Top of DATA TO EXAMINE

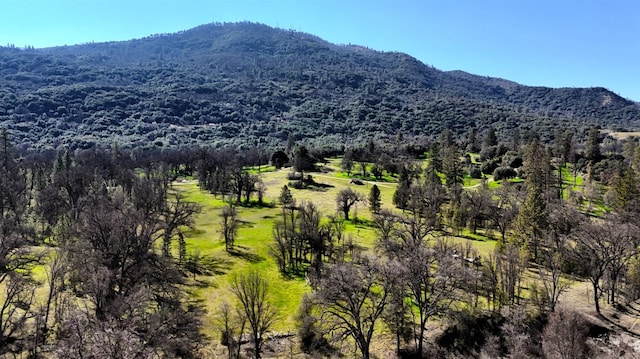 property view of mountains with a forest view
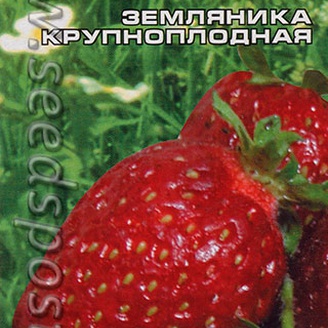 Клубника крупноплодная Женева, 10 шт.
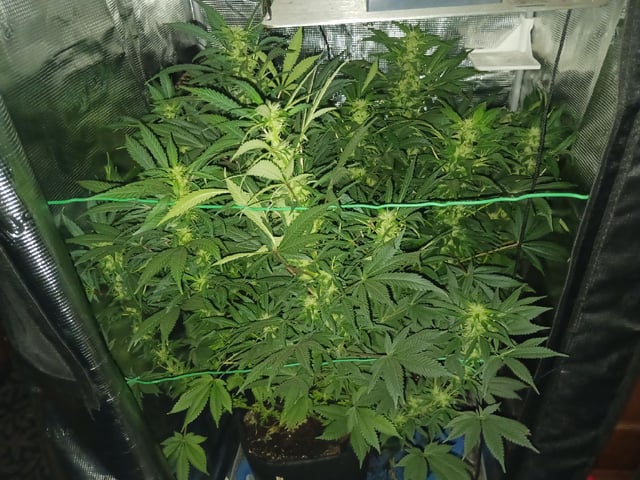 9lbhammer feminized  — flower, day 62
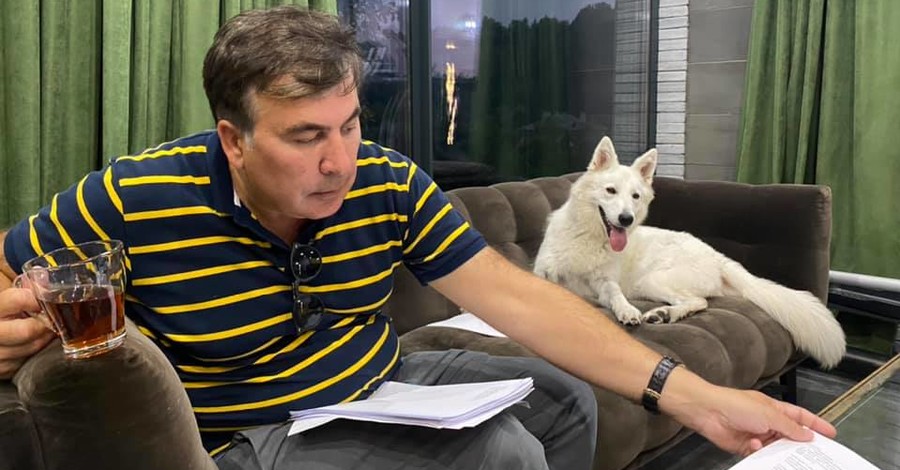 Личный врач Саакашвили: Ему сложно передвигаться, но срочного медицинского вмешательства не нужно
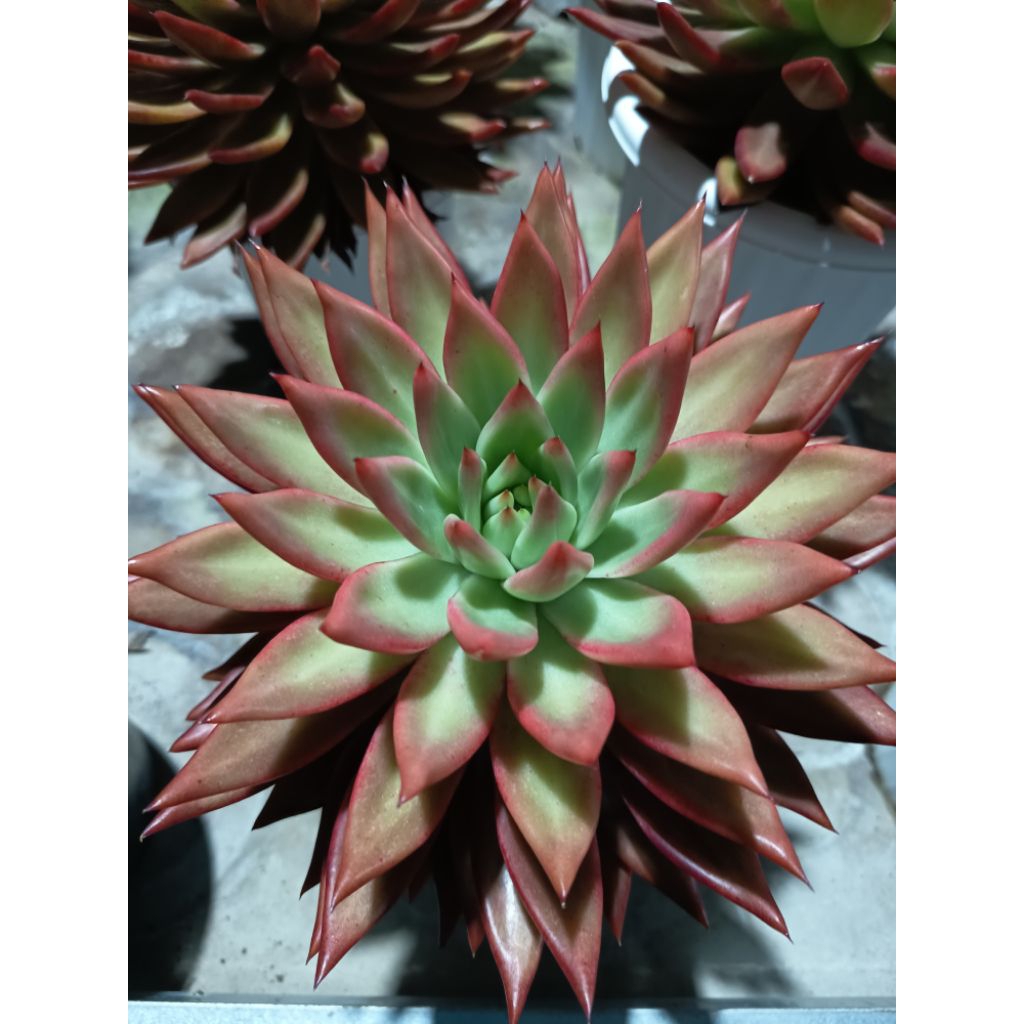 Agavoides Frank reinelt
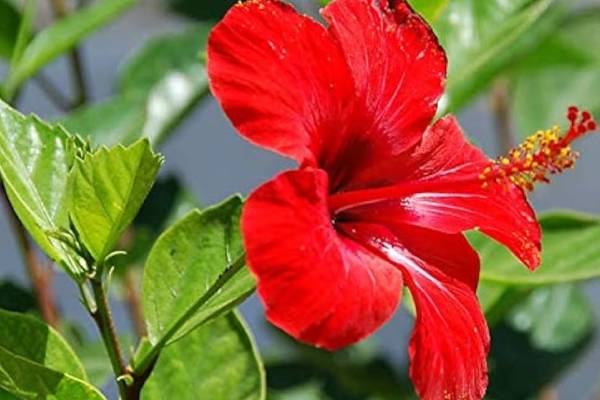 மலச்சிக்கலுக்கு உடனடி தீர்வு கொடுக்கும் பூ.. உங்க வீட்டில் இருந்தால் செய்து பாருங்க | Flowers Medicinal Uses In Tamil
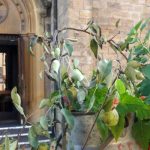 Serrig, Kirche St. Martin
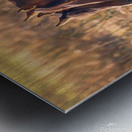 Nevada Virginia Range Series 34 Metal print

Bottom of DATA TO EXAMINE
Top of DATA TO EXAMINE

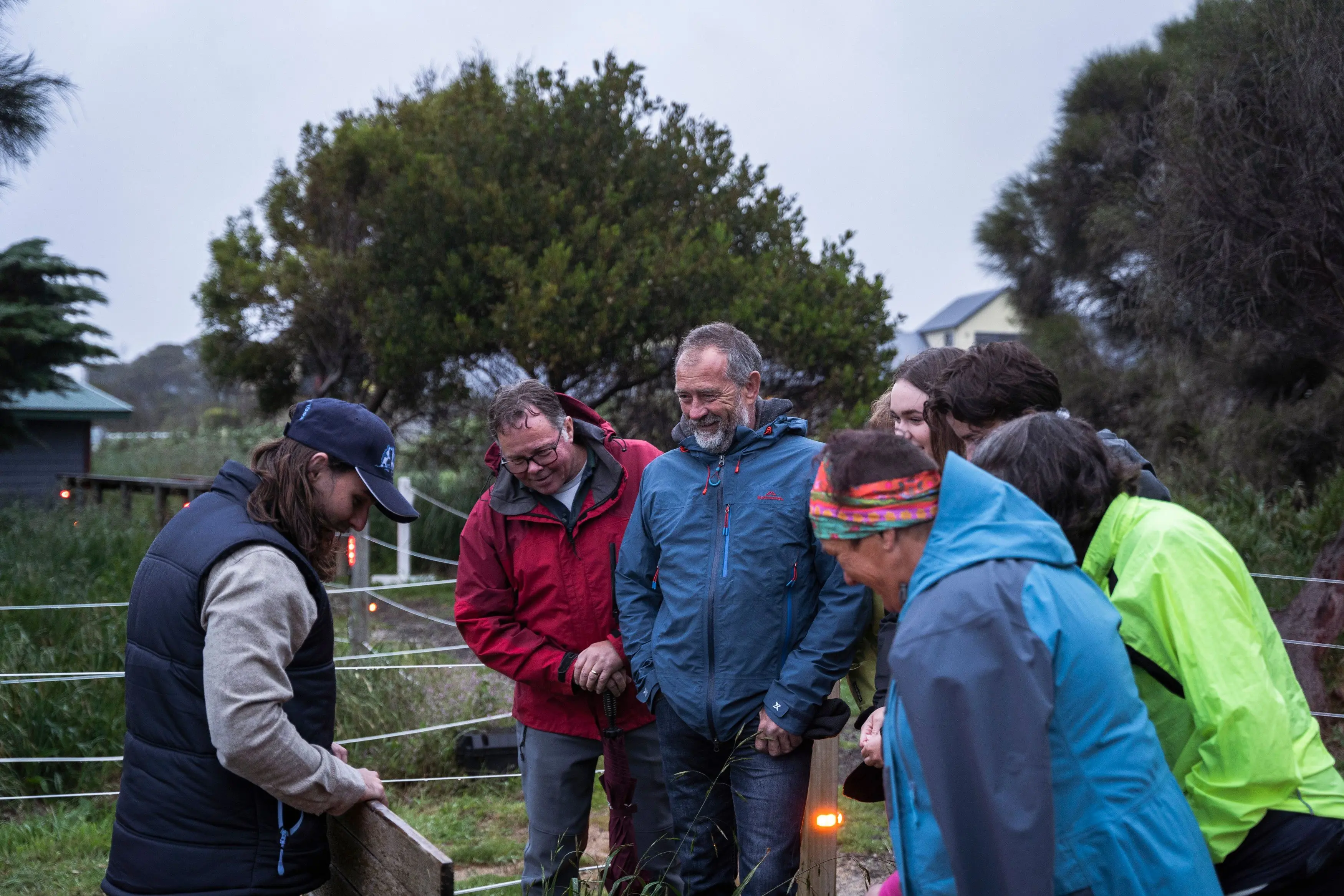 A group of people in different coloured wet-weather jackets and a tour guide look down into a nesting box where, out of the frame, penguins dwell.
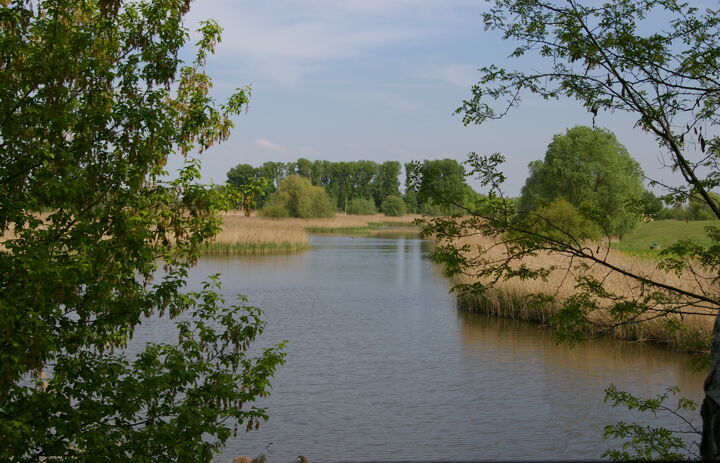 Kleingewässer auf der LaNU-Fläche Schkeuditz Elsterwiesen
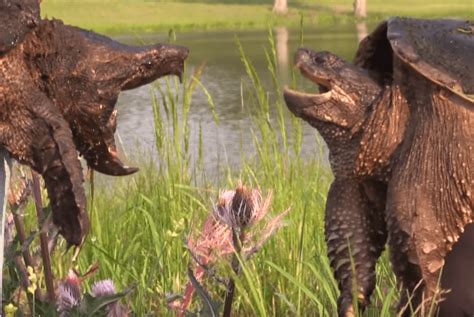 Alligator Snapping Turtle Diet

Bottom of DATA TO EXAMINE

**PROMPT:**
Look above for the line containing "Kleingewässer auf der", then write out every line from there down to the line containing "Alligator Snapping Turtle Diet", that line included, with no pictures.

**COMPLETED TASK:**
 Kleingewässer auf der LaNU-Fläche Schkeuditz Elsterwiesen
 Alligator Snapping Turtle Diet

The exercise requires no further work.